Dari Ibn Umar Rahimahullah, bahawa Rasulullah SAW telah bersabda:
المُسْلِمُ أَخُو المُسْلِمِ لاَ يَظْلِمُهُ وَلاَ يُسْلِمُهُ، وَمَنْ كَانَ فِي حَاجَةِ أَخِيهِ كَانَ اللَّهُ فِي حَاجَتِهِ، وَمَنْ فَرَّجَ عَنْ مُسْلِمٍ كُرْبَةً، فَرَّجَ اللَّهُ عَنْهُ كُرْبَةً مِنْ كُرُبَاتِ يَوْمِ القِيَامَةِ، وَمَنْ سَتَرَ مُسْلِمًا سَتَرَهُ اللَّهُ يَوْمَ القِيَامَةِ
“Seorang Muslim adalah saudara terhadap Muslim (yang lain), dia tidak boleh menganiaya dan tidak akan dianiaya oleh orang lain.
Barang siapa yang melaksanakan hajat (keperluan) saudaranya, maka Allah SWT akan melaksanakan hajatnya. Barangsiapa yang melapangkan kesusahan seseorang Muslim, maka Allah SWT akan melapangkan kesusahannya pada hari kiamat.
Barangsiapa yang menutupi aib seseorang Muslim, maka Allah SWT akan menutup aibnya pada hari kiamat.” (Riwayat Imam al-Bukhari dan Muslim).
d) tujuan mengistirahatkan badan.
Sabda Nabi SAW:
فَإِنَّ لِبَدَنِكَ عَلَيْكَ حَقًّا
"Sesungguhnya badan kamu mempunyai hak ke atas kamu" (Riwayat Imam al Bukhari dan Muslim).
Demikian tausiyah bersama Ust Nasrudin bin Hassan at Tantawi, Penasihat Pondok Pengajian Turath Amanullah Sungai Choh Selangor, Malaysia.

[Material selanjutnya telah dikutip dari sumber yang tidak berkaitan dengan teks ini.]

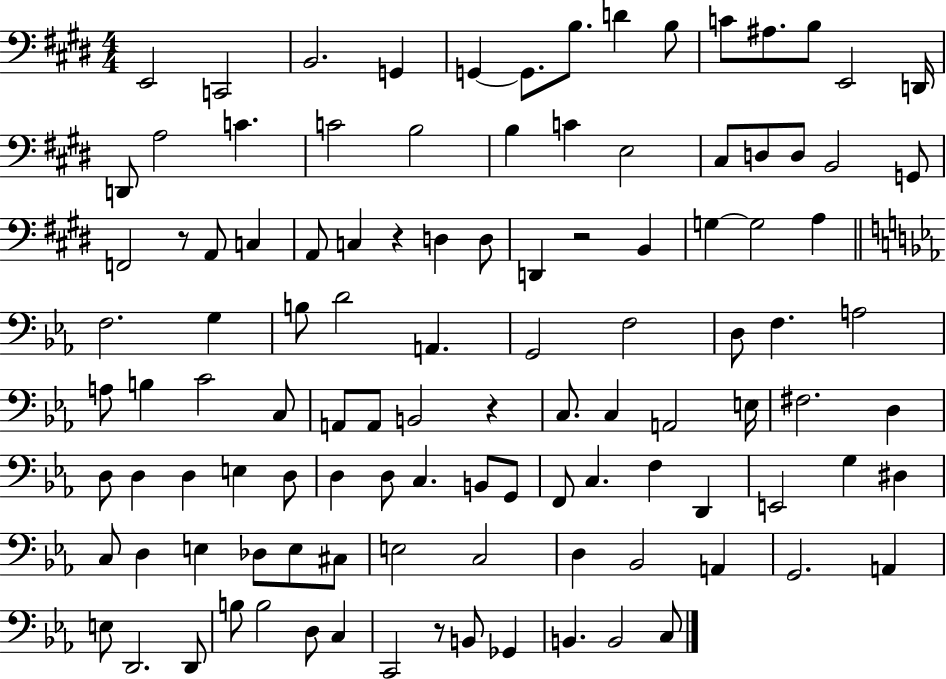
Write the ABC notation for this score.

X:1
T:Untitled
M:4/4
L:1/4
K:E
E,,2 C,,2 B,,2 G,, G,, G,,/2 B,/2 D B,/2 C/2 ^A,/2 B,/2 E,,2 D,,/4 D,,/2 A,2 C C2 B,2 B, C E,2 ^C,/2 D,/2 D,/2 B,,2 G,,/2 F,,2 z/2 A,,/2 C, A,,/2 C, z D, D,/2 D,, z2 B,, G, G,2 A, F,2 G, B,/2 D2 A,, G,,2 F,2 D,/2 F, A,2 A,/2 B, C2 C,/2 A,,/2 A,,/2 B,,2 z C,/2 C, A,,2 E,/4 ^F,2 D, D,/2 D, D, E, D,/2 D, D,/2 C, B,,/2 G,,/2 F,,/2 C, F, D,, E,,2 G, ^D, C,/2 D, E, _D,/2 E,/2 ^C,/2 E,2 C,2 D, _B,,2 A,, G,,2 A,, E,/2 D,,2 D,,/2 B,/2 B,2 D,/2 C, C,,2 z/2 B,,/2 _G,, B,, B,,2 C,/2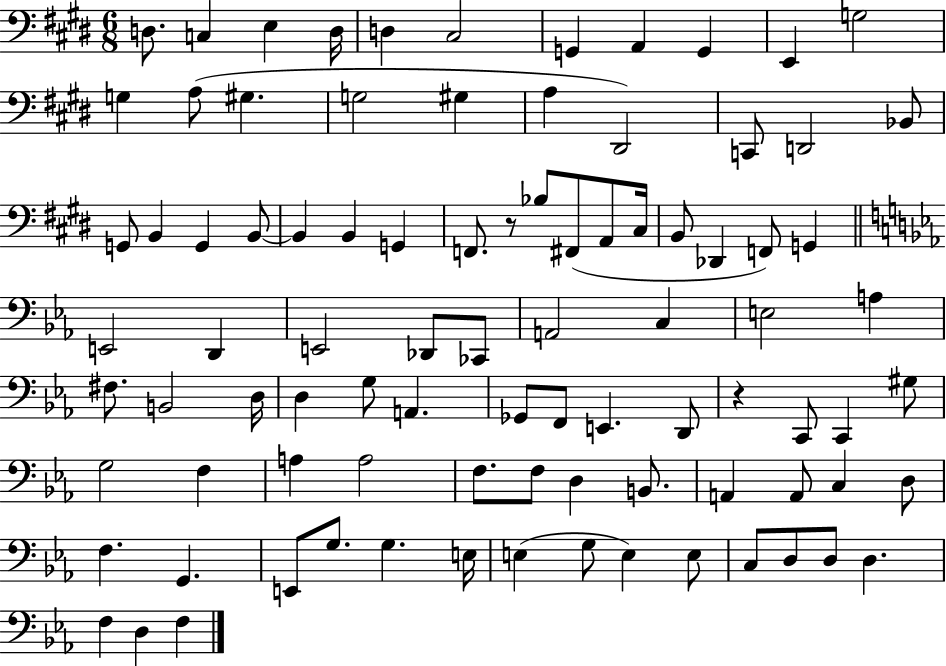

Doa Hari ke-11 Puasa Ramadan
اَللَّهُمَّ حَبِّبْ إِلَيَّ فِيْهِ الْإِحْسَانَ وَ كَرِّهْ إِلَيَّ فِيْهِ الْفُسُوْقَ وَ الْعِصْيَانَ وَ حَرِّمْ عَلَيَّ فِيْهِ السَّخَطَ وَ النِّيْرَانَ بِعَوْنِكَ يَا غِيَاثَ الْمُسْتَغِيْثِيْنَ
Allâhumma habbib ilayya fîhil ihsan wa karrih fîhil fusûq wal ‘isyân wa harrim ‘alayya fîhis sakhatha wannîrân bi’aunika yâ ghiyâtsal mustaghîtsîn
Artinya:
Ya Allah! Mohon tanamkanlah ke dalam diriku kecintaan kepada perbuatan baik, dan tanamkanlah ke dalam diriku kebencian terhadap kemaksiatan dan kefasikan. Mohon jauhkanlah dariku kemurkaan-MU dan api neraka dengan pertolongan-MU, Wahai Penolong orang-orang yang meminta pertolongan
Fadilah Shalat Tarawih malam ke-12
وفى ليلة الثانية عشرة جاء يوم القيامة ووجهه كالقمر ليلة البدر
Dan pada malam keduabelas, kelak wajahnya bercahaya seperti bulan purnama di hari kiyamat
*) Disadur dari Kitab Durratun Nashihin, karya Syekh Usman bin Hasan bin Ahmad, ulama' besar bermadzhab Hanafi, hlm 18.